Japan would have to train enough people for one extra crew each year, though that should not be difficult. It was doing that several years ago as it lifted the force to 22 plus two.
It would also need expanded maintenance capacity, additional weapons such as torpedoes, and a larger budget to cover running costs. But the biggest additional financial burden may be in shipyard work.
The 2010 decision to operate the submarines for longer required life-extending overhauls for the Oyashios, which began in 2013 and were followed by modernisation to almost the standard of the succeeding Soryu-class, according to Japan’s government. If Japan lifts the submarine retirement age to 30 or 32, its submarines will presumably need more or deeper overhauls and modernisation. That would cost much less than new submarines.
“If Washington, in seeking to deter China, values undersea strength as highly as it seems to, it needs to tell Japan to stop throwing away good submarines.”
But, however well modernised, will diesel-electric submarines continue to be useful?
Peter Dutton, who was defence minister when Australia decided in 2021 it needed nuclear-powered submarines, wrote last year that the advice from experts was clear. Diesel-electric submarines would not be able to compete in hostilities in the South China Sea beyond 2035. The diesel-electric submarine needs to come up near to the surface to “snort”—raising a snorkel to run its diesel engines and recharge its batteries—and would be detected by emerging radar technologies, Dutton said.
That assessment should not discourage Japan from extending the service lives of its diesel-electric submarines.

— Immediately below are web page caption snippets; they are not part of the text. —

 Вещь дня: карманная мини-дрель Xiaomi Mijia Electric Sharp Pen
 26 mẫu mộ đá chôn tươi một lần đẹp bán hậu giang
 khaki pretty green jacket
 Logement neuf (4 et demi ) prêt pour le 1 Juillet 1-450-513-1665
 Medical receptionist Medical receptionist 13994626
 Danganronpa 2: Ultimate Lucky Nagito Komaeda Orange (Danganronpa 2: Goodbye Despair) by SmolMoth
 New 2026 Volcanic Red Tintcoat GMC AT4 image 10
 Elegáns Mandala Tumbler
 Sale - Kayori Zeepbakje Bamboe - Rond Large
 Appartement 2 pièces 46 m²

That would yield a larger Japanese fleet well before 2035, which cannot be regarded as a sharp turning point at which the conventionally-powered submarine concept will suddenly become obsolete. Such changes come gradually.
Also, Japanese submarines would operate in wartime not so much in the South China Sea, where the presence of Chinese airborne radar surveillance might be uncontested, but mainly in the East China Sea and nearby waters, close to Japanese and Taiwanese air bases.
And all Japanese submarines delivered since 2009 (after the Oyashio-class) have either air-independent propulsion systems or large-capacity lithium-ion batteries enabling them to “loiter”. Both technologies allow a commander to reduce or entirely avoid snorting in dangerous locations. Australia’s previously planned diesel-electric submarines lacked such features.
Although Japan plans to double its defence share of GDP to two per cent by 2027, a force structure plan issued in December confirmed that the 22-plus-two submarine fleet size would stay.
Why the government and navy rejected the possibility of further expansion is unclear. Possible explanations include competition within the navy for funds or a simply a disinclination to accept the disruption of expansion beyond the 2010 plan.
Whatever the reason, perhaps the one influence that can change minds in Tokyo is Japan’s US ally. If Washington, in seeking to deter China, values undersea strength as highly as it seems to, it needs to tell Japan to stop throwing away good submarines.